In fact, if Medicare’s costs had risen only at the rate of non-Medicare, non-Medicaid costs, the program would have spent $7,197 per beneficiary in 2008 instead of $9,634. That 34 percent difference adds over $100 billion to Americans’ annual tax burden. 

Even more tellingly, as a percentage of the gross domestic product (GDP), Medicare’s and Medicaid’s costs have each risen more than twice as much as the costs of all other health care in America. Health costs apart from Medicare and Medicaid have grown 41 percent per patient, in relation to GDP, while Medicare’s and Medicaid’s costs have grown 89 percent and 91 percent—nearly doubling—as a share of GDP. 

So why would the CBO claim that allowing seniors to choose among private plans would increase Medicare’s costs? In recent congressional testimony, CBO director Douglas Elmendorf admitted that his agency doesn’t have “the tools, the analysis we would need to do a quantitative evaluation of the importance” of injecting more competition and choice into the health care system. 

Likewise, when assessing the dramatic reduction in payment rates to Medicare providers, which is slated to happen as a result of colossal sums of money being siphoned out of Medicare and spent on Obamacare, Elmendorf says the CBO doesn’t attempt to “model the access to care or quality of care” that would result. Instead, the CBO simply assumes that providers would continue to treat just as many Medicare patients, giving them exactly the same quality of care, despite being paid far less for their services—less even (eventually) than for treating Medicaid patients. 

Elmendorf recognizes the problem, saying, “That is a gap in our tool kit and a gap we are trying to fill.” In the meantime, however, the CBO is clearly—and admittedly—scoring government-based proposals (cutting payment rates, imposing price controls) far too favorably while similarly understating the benefits of market-based solutions.

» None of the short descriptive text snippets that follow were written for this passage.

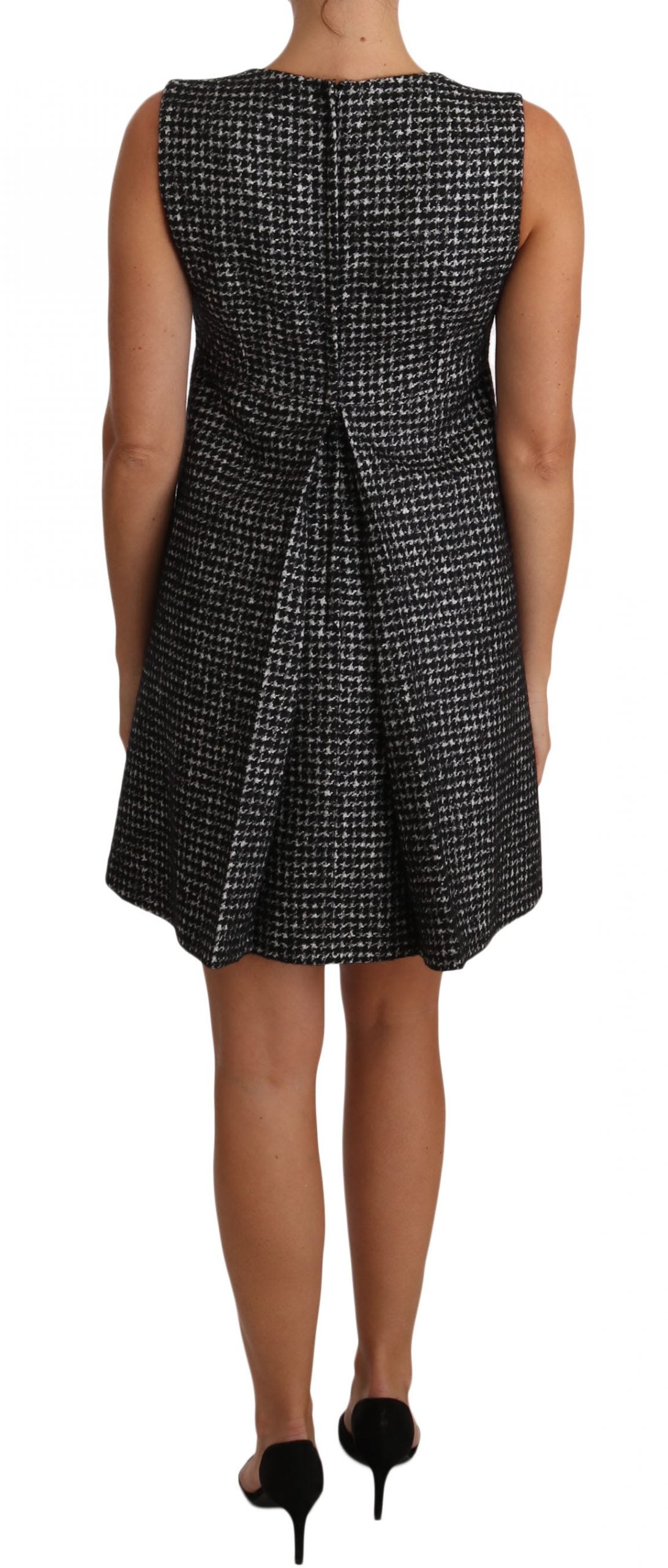 Vestido mini de pata de gallo gris con apliques florales de Dolce & Gabbana-2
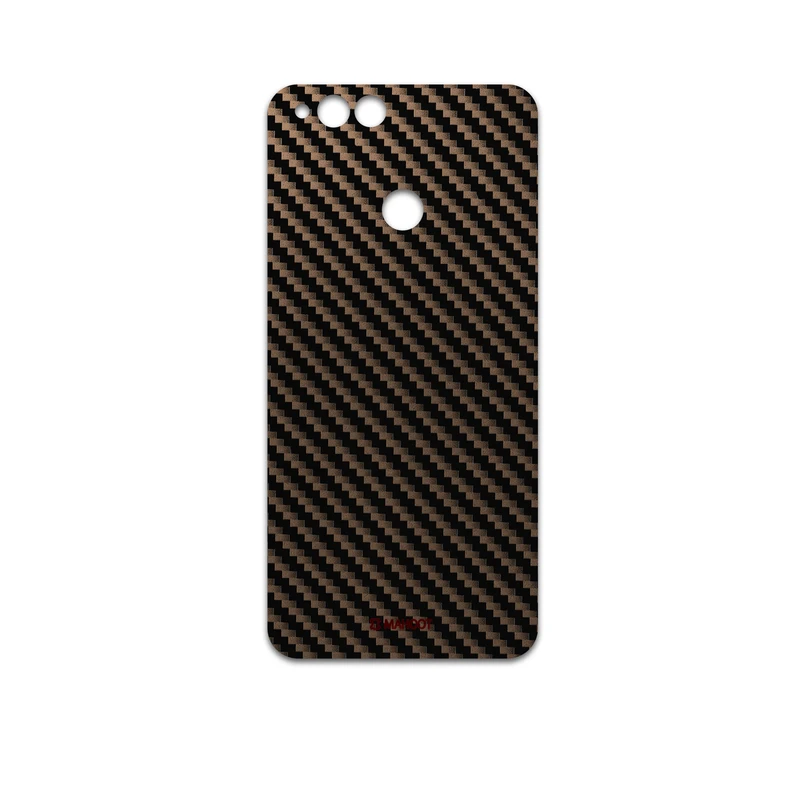 برچسب پوششی ماهوت مدل Glossy-Brown-Fiber مناسب برای گوشی موبایل آنر 7X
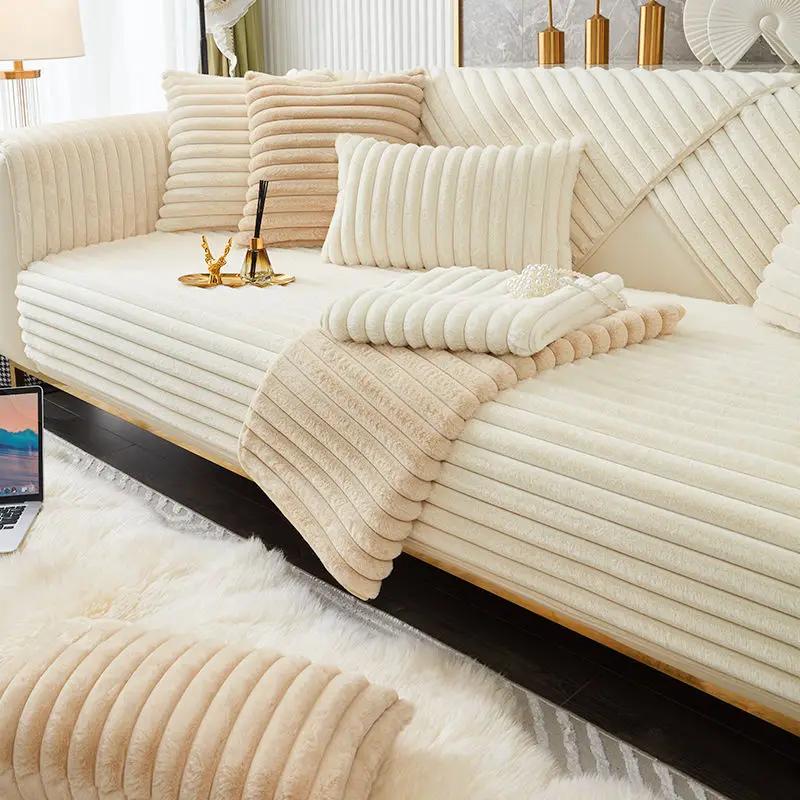 Hochwertiges Graues Sofa Handtuch Kaninchen Plüsch Gerader Streifen Sofabezug Verdicken L Rutschfeste Couch Kissen Wohnzimmer Überwürfe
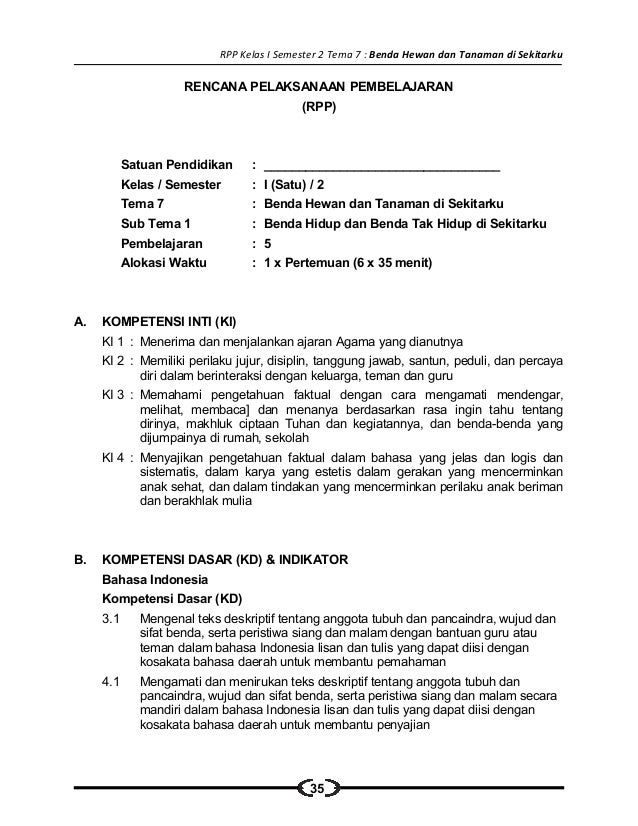 7 rpp sd kelas 1 semester 2 benda hewan dan tanaman di 7 rpp sd kelas 1 semester 2 benda hewan dan tanaman di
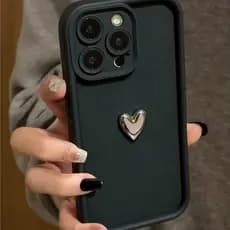 Capinha Capa Para Motorola Moto G10 G14 G22 G24 G34 G35 G53 G54 G75 G15 G60 Silicone Anti-Impacto 3D Prata Amor Coração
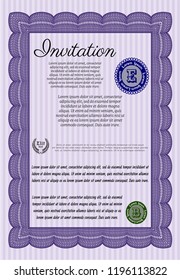 Violet Retro invitation. With background. Retro design. Vector illustration. 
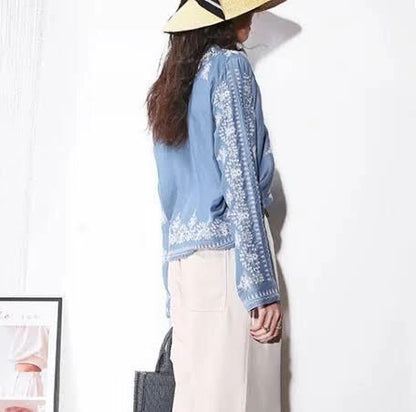 BLUSA DENIM BORDADA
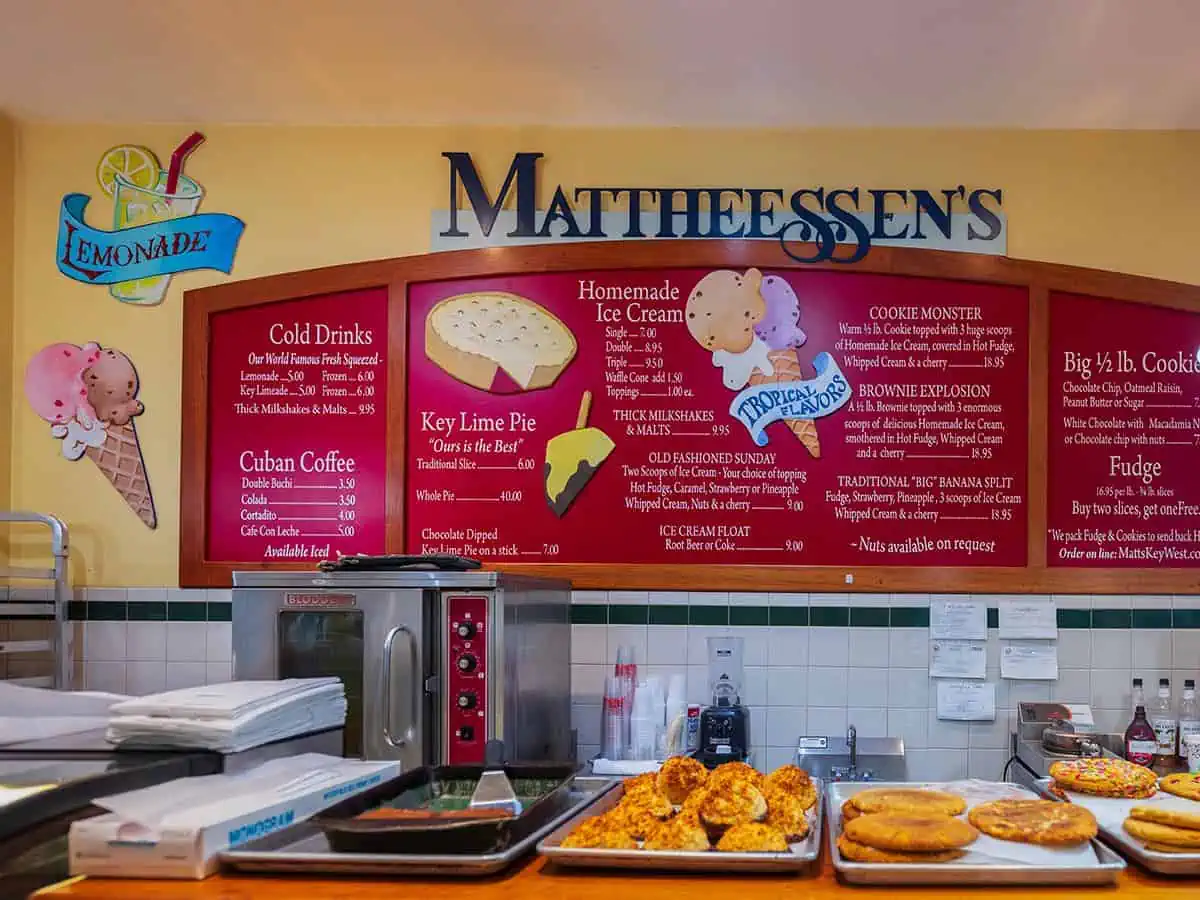 Matheessen's Bakery Sign of Key Lime Pie, a popular food in Florida Keys.
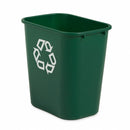 Rubbermaid 7 gal Rectangular Recycling Wastebasket, Plastic, Green - FG295606GRN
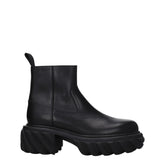 Off-White Black Leather Ankle Boots - Boots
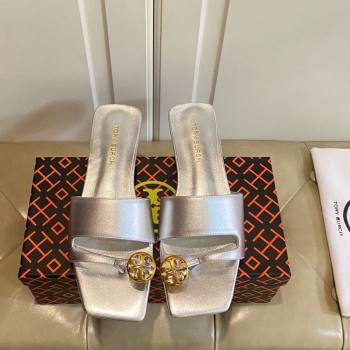 Tory Burch Leather Flat Thong Slides Sandal Silver 2025 0711 (MD-250711028)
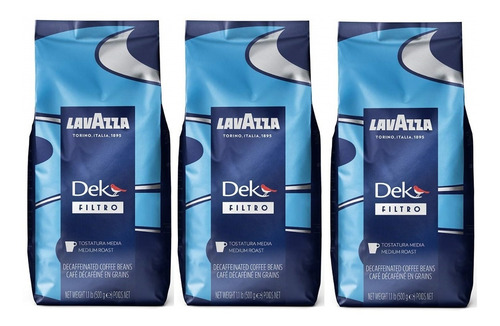 Paq 3 Café Lavazza Dek (descafeinado) Con Filtro 500 Gramos
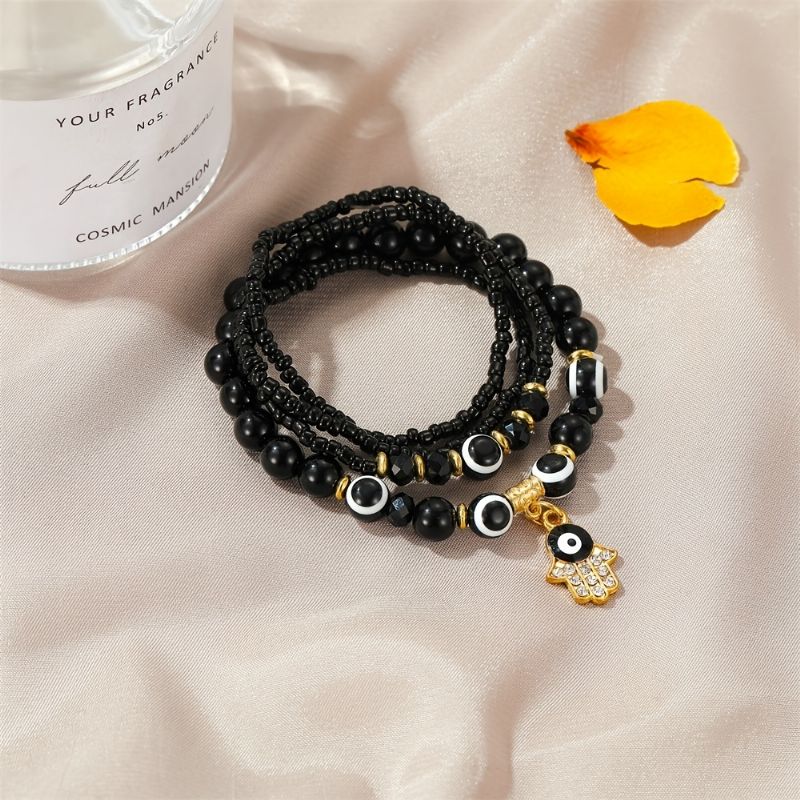 Devil's Eye Armbånd 4 Stk Sæt Stretch Beaded Smykker Gave Fødselsdagsgaver Til Kvinder Mor Kone Piger Hendes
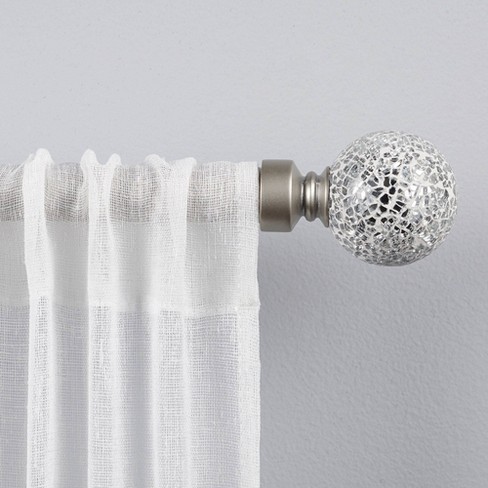 silver curtain rods home depot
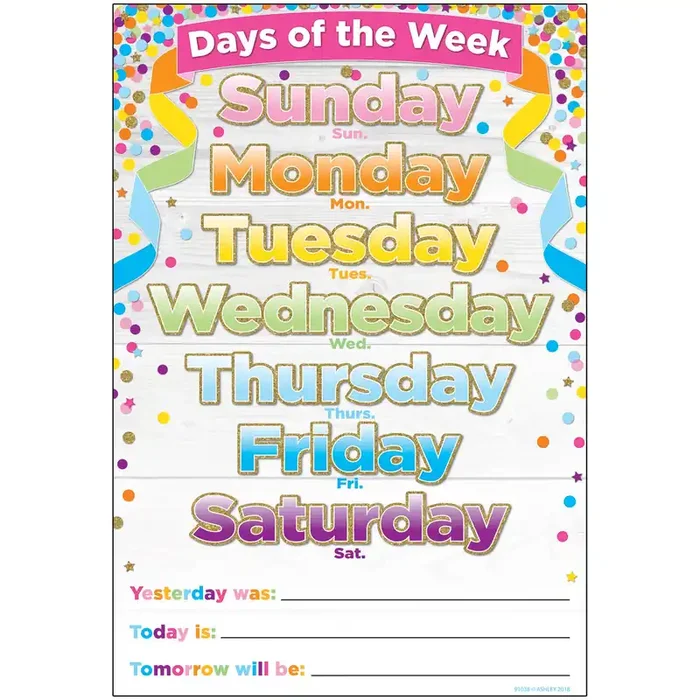 Ashley Productions Ash91038Bn Smart Poly Chart, 13‘‘ X 19‘‘, Confetti Days Of The Week, Pack Of 10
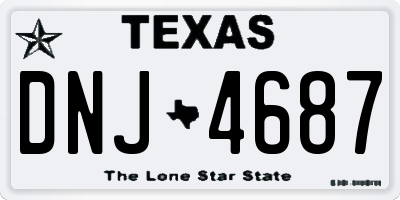 TX license plate DNJ4687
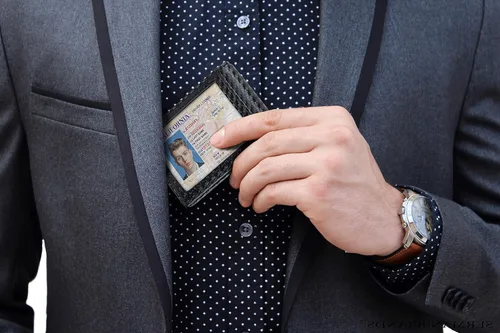 Vista 2 de SERMAN BRANDS Billeteras minimalistas de bolsillo frontal con bloqueo RFID para hombres con clip de dinero, regalo fino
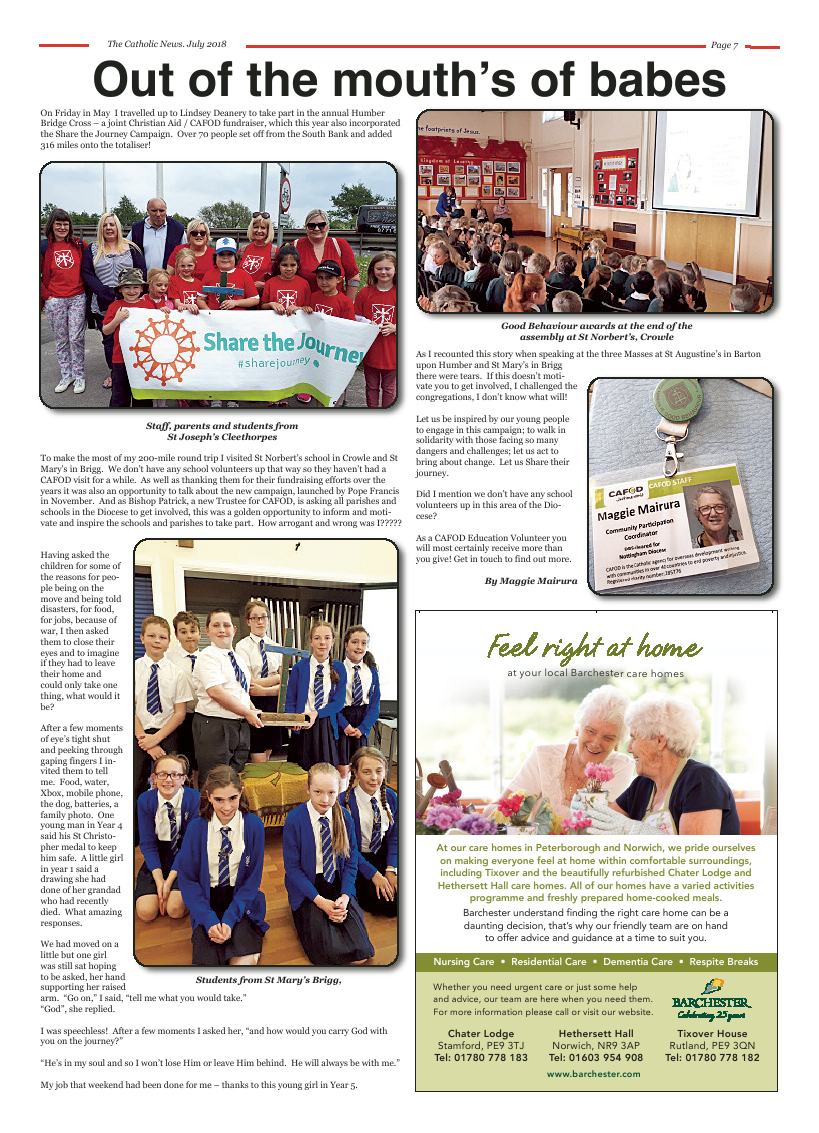 Jul 2018 edition of the Nottingham Catholic News - Page 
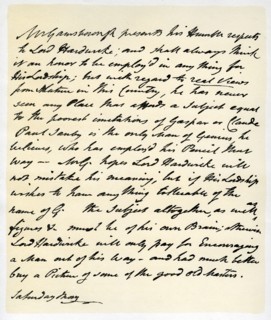 Letter from Thomas Gainsborough to Lord Hardwicke, c1760-1770.Artist: Thomas Gainsborough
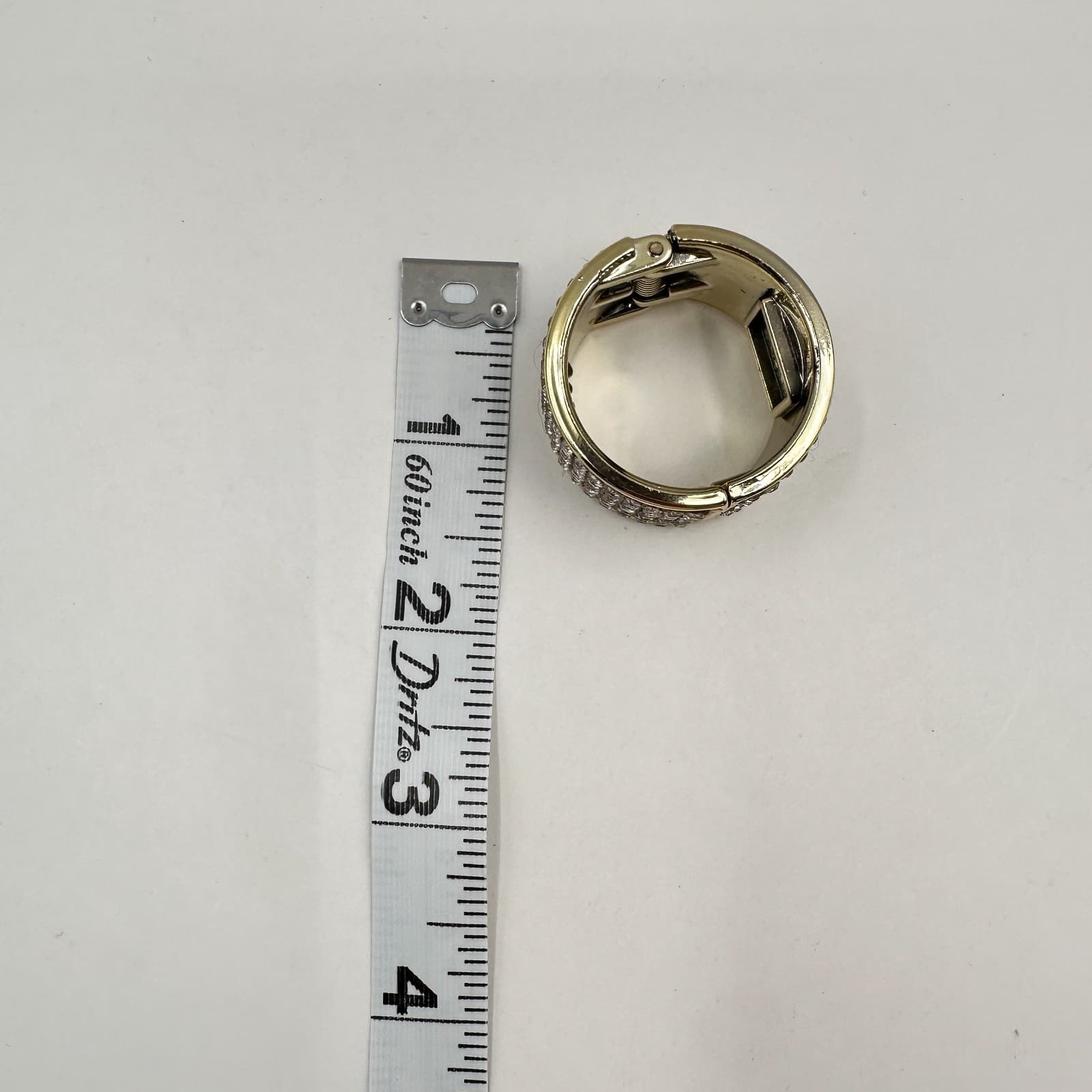 Vintage 80s Wide Gold Tone Rhinestone Hinged Thames Ring Holder jewelry - Thumbnail 6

In addition to these admitted shortcomings in its analysis, the CBO is likely relying on frequently cited studies that look only at the rise of private insurance costs, while ignoring the profound shift in the private health care market away from out-of-pocket spending. According to figures from the Centers for Medicare and Medicaid Services (CMS), in 1970, private insurance expenditures accounted for just 38 percent of all private health costs. In 2007, they accounted for 74 percent. Correspondingly, out-of-pocket expenditures dropped from 62 percent to 26 percent. Imagine if Medicare used to cover only 38 percent of seniors’ care and now covered 74 percent, yet that change wasn’t taken into account in gauging its success in controlling costs.